Some years ago, IT icon N.R. Narayana Murthy had commented upon the attitude of people who swept just their front doorsteps with nary a bother over whether the garbage was collecting over at their neighbours’ or elsewhere. Murthy’s point was that as long as people’s mindsets didn’t change and garbage wasn’t deposited in the nearest dustbin—which used to exist in Bangalore then—the city would never be clean.
The Infosys man’s comment didn’t go down well with many those days since he had, in a way, exposed the people’s apathy towards the city. And this is true not just for Karnataka but it seems for all of India as well. The “road before my house is clean, the rest is not my concern” mindset is what bugged him, akin to a commonly used Kannada phrase, “Nammage yaake, ennaadru aagli.” Translated loosely, it means: “Why should we be concerned, let anything happen.”
It seems to be this approach that defines the role of Karnataka in what’s come to be called the DA (disproportionate assets) case of Jayaram Jayalalitha, AIADMK chief and former chief minister of Tamil Nadu. Karnataka, unwittingly, landed up with this unwanted baby because the SC transferred the case out after 70 witnesses reversed their statements to the trial court in Tamil Nadu once Jayalalitha returned to power. K. Anbazhagan, the DMK leader whose only assignment appears to be to valiantly counter Jayalalitha on every available legal platform, won his argument before the apex court that justice was being made a mockery of.
At that point of time, Karnataka did not want to even suggest to the SC that it was an inappropriate location keeping in mind the history of the Cauvery dispute and the resultant tensions that have arisen over a century. It did not even want to point out to the apex court that every time Jayalalitha became CM, litigation against Karnataka on the sharing of the Cauvery waters had only increased. Every time she has come to power, a frown has crossed the face of every law minister and law secretary in Karnataka, wary as they are about the extra verve she carries against her home state.

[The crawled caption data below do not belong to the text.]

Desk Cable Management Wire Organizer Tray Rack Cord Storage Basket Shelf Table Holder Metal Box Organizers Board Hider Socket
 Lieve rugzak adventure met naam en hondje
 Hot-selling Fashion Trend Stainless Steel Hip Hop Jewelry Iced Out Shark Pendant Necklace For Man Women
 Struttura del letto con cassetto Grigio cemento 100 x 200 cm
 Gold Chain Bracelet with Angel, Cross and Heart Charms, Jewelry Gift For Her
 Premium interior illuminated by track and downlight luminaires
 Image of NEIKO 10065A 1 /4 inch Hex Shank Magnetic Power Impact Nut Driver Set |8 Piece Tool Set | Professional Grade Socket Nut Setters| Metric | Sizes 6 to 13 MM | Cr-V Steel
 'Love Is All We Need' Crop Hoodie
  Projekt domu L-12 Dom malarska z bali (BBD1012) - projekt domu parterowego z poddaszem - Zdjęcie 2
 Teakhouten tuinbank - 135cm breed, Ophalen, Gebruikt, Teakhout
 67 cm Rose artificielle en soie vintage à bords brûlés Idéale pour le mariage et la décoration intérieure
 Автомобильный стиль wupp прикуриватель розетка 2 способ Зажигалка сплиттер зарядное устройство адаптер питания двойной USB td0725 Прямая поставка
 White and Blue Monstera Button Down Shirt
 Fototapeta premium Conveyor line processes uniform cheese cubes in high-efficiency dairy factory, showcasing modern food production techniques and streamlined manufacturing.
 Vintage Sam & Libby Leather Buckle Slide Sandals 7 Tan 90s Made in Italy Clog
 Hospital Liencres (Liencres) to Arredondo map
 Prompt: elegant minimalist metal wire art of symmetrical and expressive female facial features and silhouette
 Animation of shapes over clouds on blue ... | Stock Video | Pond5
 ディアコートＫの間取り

Nevertheless, it accepted the fait accompli, appointed senior advocate B.V. Acharya as the special public prosecutor in consultation with the chief justice of the high court, and let the trial go through its twists and turns. Its problem began when Acharya was forced to throw in the towel during the BJP regime in the state. They appointed Bhavani Singh as the spp just before going out of power as a corrupt government. Six months later, the Congress government withdrew his appointment, leading to the most peculiar aspect of this case: the prosecutor’s removal was questioned by the accused. And she won the case as it was considered a mala fide action by Karnataka.
Karnataka could have, very well, appointed another spp in place of Bhavani Singh by following the right procedure. But, just as in the battle over sharing of Cauvery waters, Karnataka took one step forward and jumped two steps back. It did not deem it fit to say that it had the right to decide who the prosecutor should be. It did not realise until recently—and one has this on authority of a senior lawyer who has followed the case closely—that the apex court verdict of 2008 in the Jayendra Saraswati case even existed. That when a case is transferred to another state, the transferee state becomes the prosecutor. Maybe if it was aware of this, it could have pointed out to the apex court in September 2013 that political motives could not be attributed to Karnataka because it had the right to decide the prosecutor in this case. Instead, Karnataka hurriedly shrivelled into a shell and adopted the “why-should-we-get-involved-simply” approach. This, even as Bhavani Singh began to represent cases of the directorate of vigilance and anti-corruption of the AIADMK government in Tamil Nadu. It did not even become a party to the appeal in the appellate court that replaced conviction with acquittal.
Politically, it is well-known that when a politician is in trouble, those unaffected or unconnected to said person normally let things be. There’s always some kind of a part-of-the-brotherhood “oh poor thing” happening. But in this case, there is something more. There is Jayalalitha. So the approach is why must we have anything to do with her. Nobody knows when she will come back to power and what she will do, being the vindictive person she is known to be. It’s better to keep our porch clean so that we are not the cause of any spreading disease. If the disease (of corruption) has to be arrested, it is not our concern. That is the neighbour’s problem. Any wonder then that Karnataka comes across as a state always wavering or unsure of itself.